Second, exploring virtual reality (VR) applications for therapeutic purposes in stress reduction has gained considerable attention (De Jesus Junior, et al., 2023). However, limited research has delved into the distinct effects of various VR experiences. The IME design was more likely to reduce stress levels compared to only VR, but the statistical analysis did not reveal a significant difference between the two experiments. Both experiments indicated a noteworthy reduction in anxiety levels, indicating the effective implementation of principles derived from the Attention Restoration Theory and biophilic design. The Attention Restoration Theory suggests that exposure to natural surroundings or environments that mimic natural elements can aid in restoring attention, diminishing mental exhaustion, and alleviating stress (Kaplan, 1995). This approach helped participants shift their focus from stressors to calming stimuli. The simulated natural environments in VR can be considered an application of biophilic design, creating spaces where participants could feel an enhanced sense of connection with nature, contributing to their overall relaxation and reduction in anxiety levels. Our research findings offer practical evidence to support the attention restoration theory and the efficacy of biophilic design in managing anxiety by using VR experience. Especially, this finding underscores the feasibility of employing a multisensory, relaxing natural virtual reality application as a therapeutic modality for university students.

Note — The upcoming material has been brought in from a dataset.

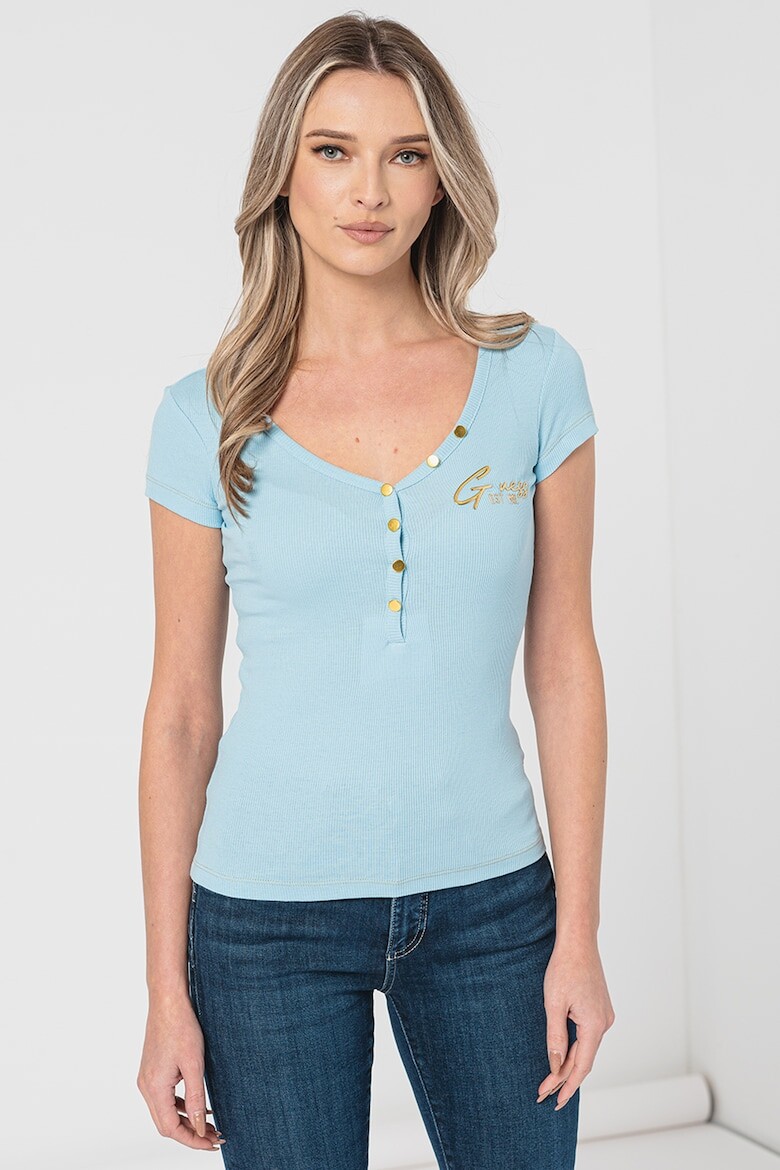 

Хлопковая футболка с декоративными пуговицами Guess, бирюзовый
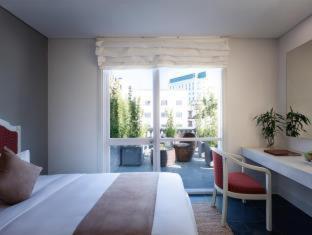 Alba Junior Suite City View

Notably, the college student demographic often grapples with elevated stress and anxiety levels throughout the academic year. The findings from our research suggest that a relaxing VR experience could offer a practical and accessible means for them to reduce stress levels easily. This insight highlights the potential significance of tailoring VR interventions to address the specific stressors faced by university students, thereby contributing to their overall wellbeing. Future research could further explore and refine the design of VR experiences to optimize stress reduction outcomes in this particular demographic.
4.1 Conclusion
This study demonstrated the efficacy of both Virtual Reality (VR) and Immersive Multi-sensory Environments (IME) in significantly reducing anxiety levels among individuals contending with anxiety disorders. These findings echo and fortify prior research, indicating that immersive experiences positively influence mental wellbeing. By offering a temporary respite from real-world stressors, redirecting attention, and promoting relaxation, these interventions prove to be valuable in the realm of anxiety management. The augmentation of these interventions with multi-sensory stimuli further amplifies their relaxation effect, resulting in notable reductions in anxiety levels.

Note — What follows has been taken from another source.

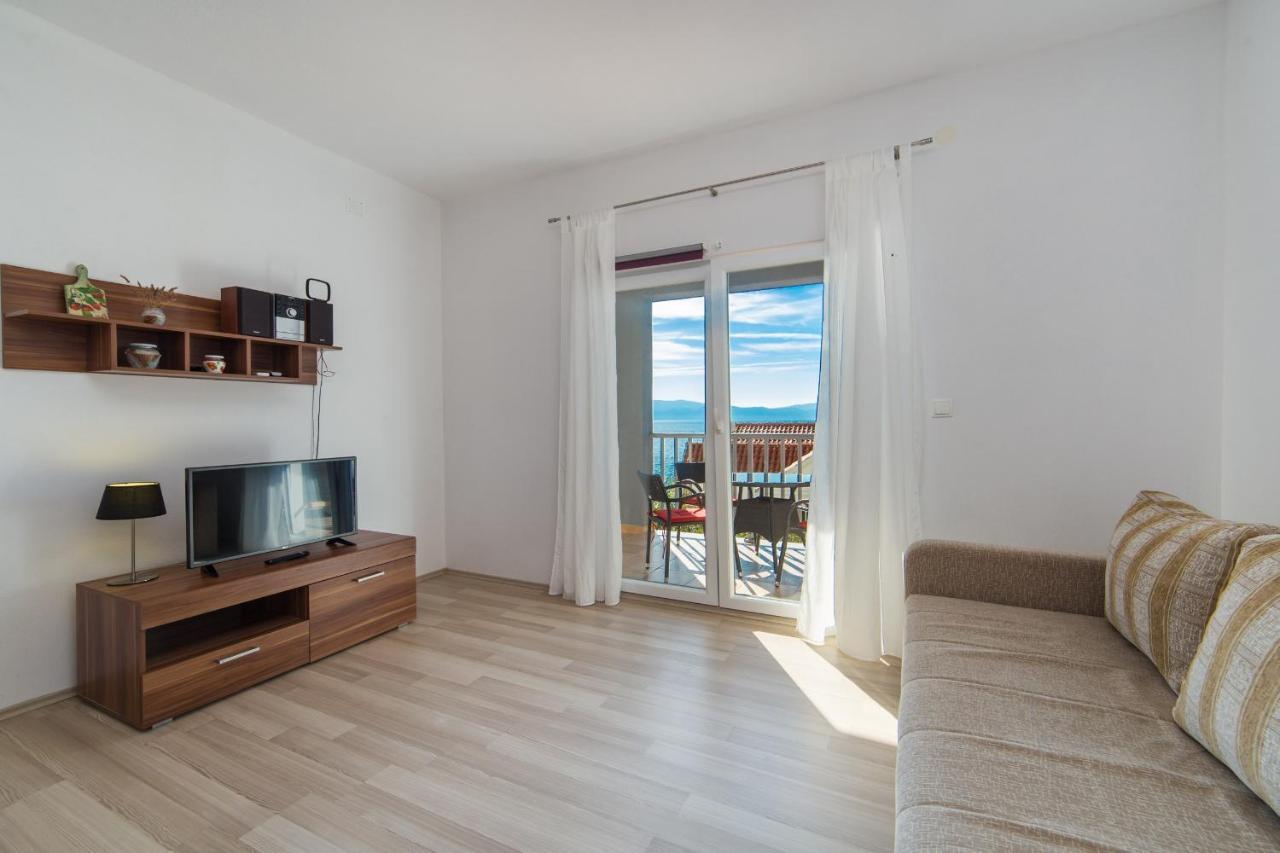 Apartments By The Sea Brist, Makarska - 11078 Buitenkant foto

While our study did not uncover a statistically significant difference between the VR and IME designs, both interventions exhibited promise as non-pharmacological approaches to anxiety management. This research makes a distinctive contribution to the growing body of studies emphasizing the pivotal role of sensory experiences within spatial contexts. The VR and IME employed in our experiments align with restorative environments described in attention restoration theory and biophilic design principles, effectively mitigating anxiety levels among individuals with anxiety disorders. These findings unveil a promising convergence between cutting-edge technological interventions, established psychological theories, and design principles centered around human-nature interaction, paving the way for future interdisciplinary research. As innovative technologies continue to evolve, further exploration of these intersections holds the potential to refine and expand our understanding of anxiety management, enhancing the overall wellbeing of individuals facing mental health challenges.
4.2 Implications and applications
The outcomes of this study hold profound implications for advancing mental health support and anxiety management among university students. The demonstrated effectiveness of both Virtual Reality (VR) applications in reducing anxiety levels underscores their potential as valuable non-pharmacological interventions for individuals grappling with anxiety disorders. These interventions not only stand to complement conventional therapeutic approaches but also offer an accessible and cost-effective avenue for promoting relaxation and overall wellbeing.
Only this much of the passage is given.